With the arrest of the former chief executive, Sholom Rubashkin, federal authorities extended their criminal prosecution to the highest level of management at the plant. Some 300 workers, mainly immigrants from Guatemala, were convicted of felony document fraud charges after the raid, and Iowa prosecutors had faced mounting criticism for punishing those workers but not Agriprocessors’s executives and owners.
Mr. Rubashkin is the highest-ranking executive to face arrest in stepped-up immigration raids at packinghouses nationwide since late 2006.
The son of Aaron Rubashkin, the owner of the family-held company, Sholom Rubashkin had been the top manager of the kosher plant since 1987. He was forced by his father to step down as chief executive shortly after the raid.
Mr. Rubashkin was arrested Thursday by immigration agents at his home in Postville, prosecutors said, and was released on $1 million bail after a hearing.
He is also accused, in a criminal complaint unsealed Thursday, of abetting aggravated identity theft, which carries a mandatory two-year minimum sentence. Many of the immigrant workers were charged with that crime.
Mr. Rubashkin and his father, both Lubavitch Hasidic Jews, built Agriprocessors into a kosher giant. Kosher consumers faced meat shortages since the raid, and the scandal fueled a debate about kosher ethics.
According to the complaint, Mr. Rubashkin participated directly in efforts in the days before the raid to obtain fraudulent documents that could pass immigration agents’ scrutiny for dozens of illegal immigrants working in Postville.
The complaint suggests that plant managers had heard a raid was coming and had initially informed many workers they would have to present valid identity documents or be fired. But two floor supervisors told investigators that they met with Mr. Rubashkin at the plant to request a $4,500 loan to “help the employees who were to be terminated.” On May 9, Mr. Rubashkin agreed to give them the cash loan.

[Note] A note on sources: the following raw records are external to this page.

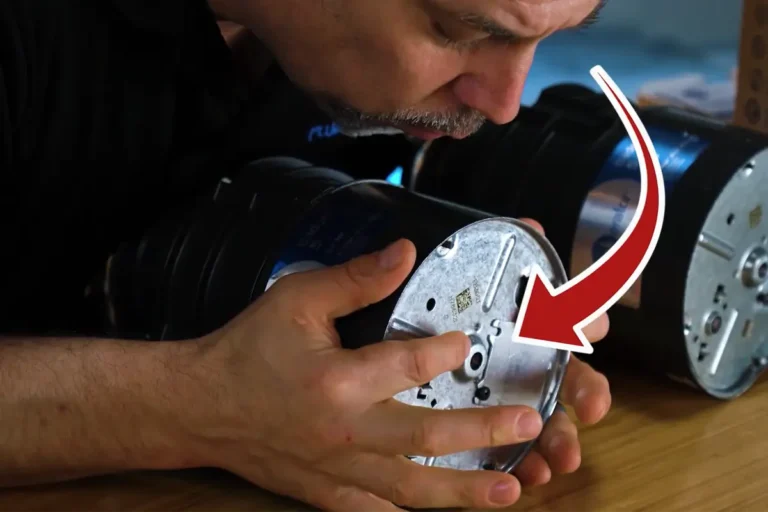 How to fix a garbage disposal appliance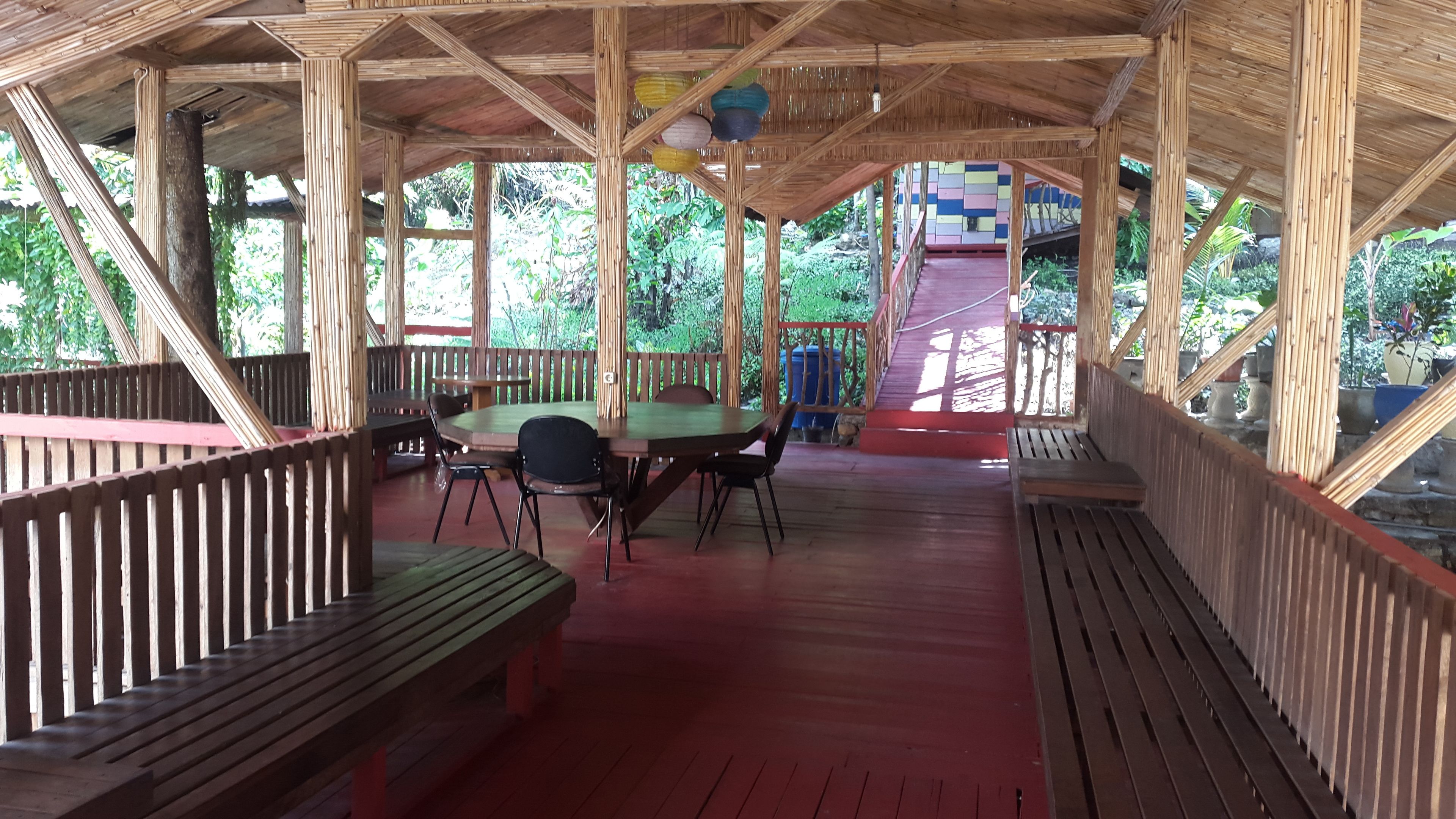 Photo - Centro Bajo Hotel & Resto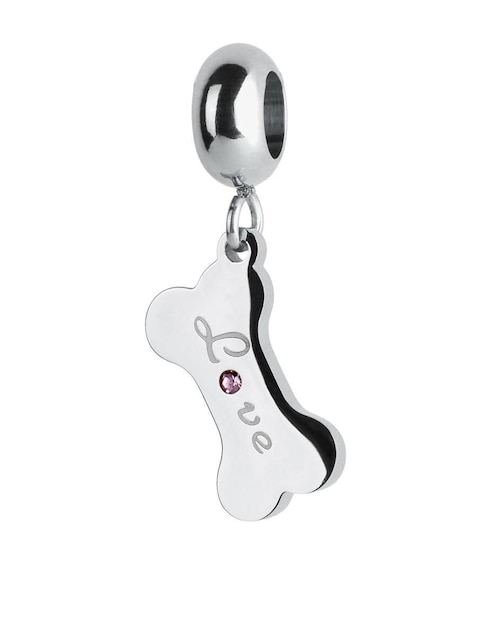 Charm de hueso 1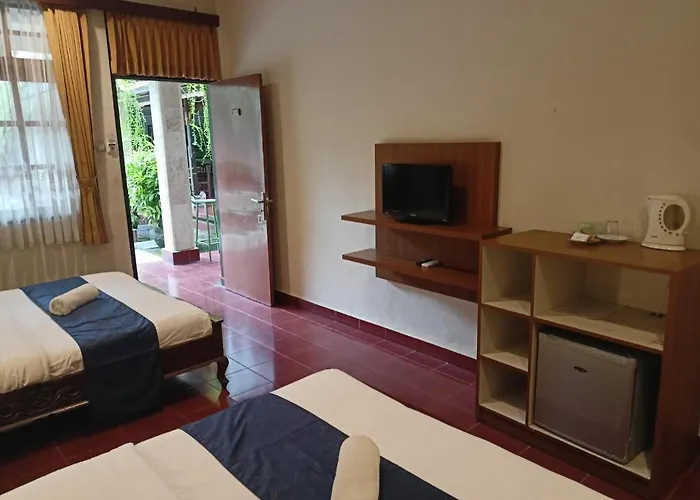 Catur Adi Putra Denpasar-bali Hotel Denpasar (Bali)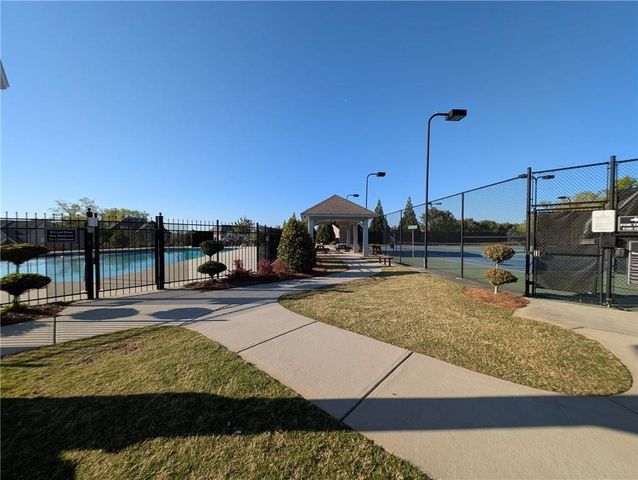 7451 Shady Glen Drive, Flowery Branch, GA 30542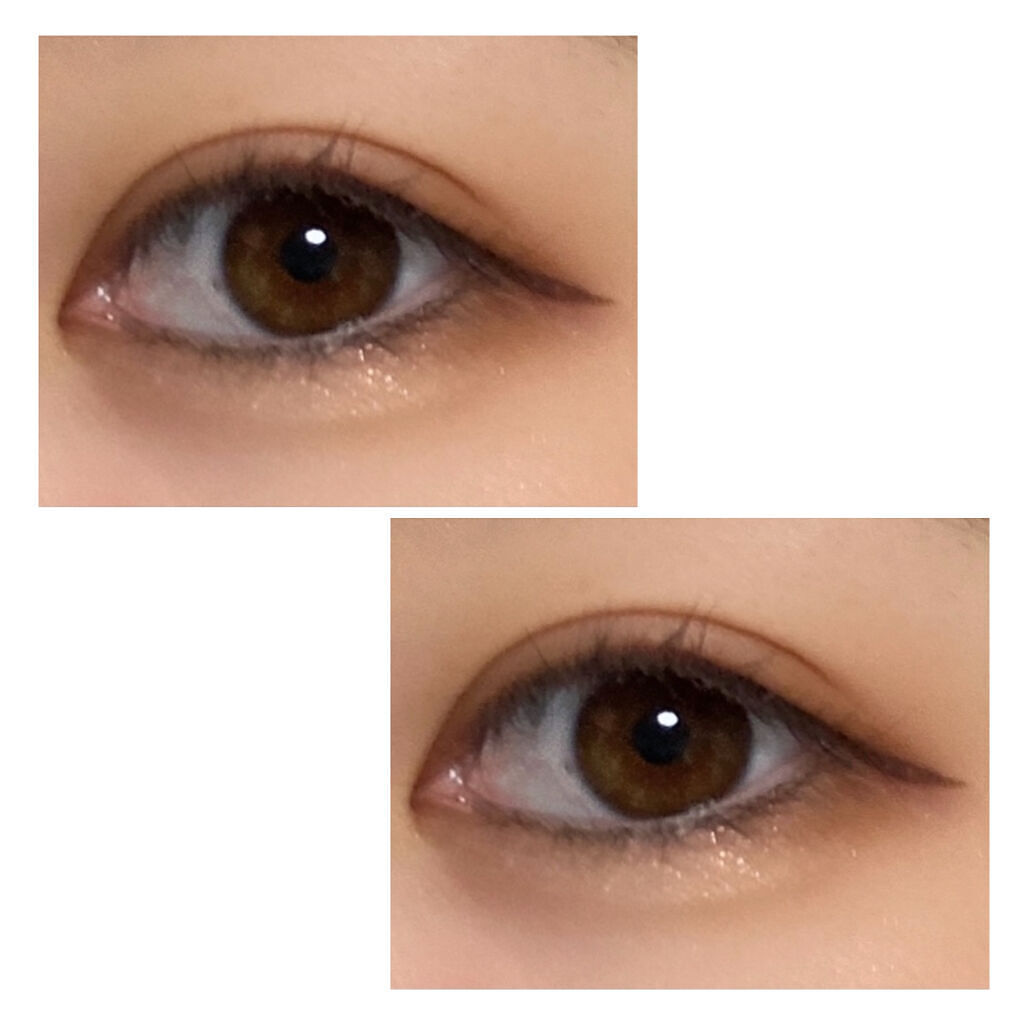 シャドーカスタマイズ/MAJOLICA MAJORCA/単色アイシャドウを使ったクチコミ（1枚目）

One supervisor said he had lent $200 each to about a dozen workers, who paid a line foreman to buy fake documents, the complaint says.
On May 11, the complaint charges, human resources managers worked all day under Mr. Rubashkin’s supervision to fill out job applications for workers with new fake documents.
One human resources manager told investigators that she had protested to Mr. Rubashkin that employees who had been scheduled for termination were applying under new names. Mr. Rubashkin said “the IDs looked good to him” and told her to accept them, the complaint says.
While the complaint names no employees, two supervisors, Juan Carlos Guerrero Espinoza and Martin de la Rosa, have pleaded guilty to harboring charges. A human resources manager, Laura Althouse, pleaded guilty on Wednesday.
Mr. Rubashkin and his father also face state charges for child labor violations. And Iowa labor authorities on Wednesday levied $10 million in fines against the company for wage violations.
Mr. Rubashkin faces a maximum of 22 years in prison if convicted on the federal charges.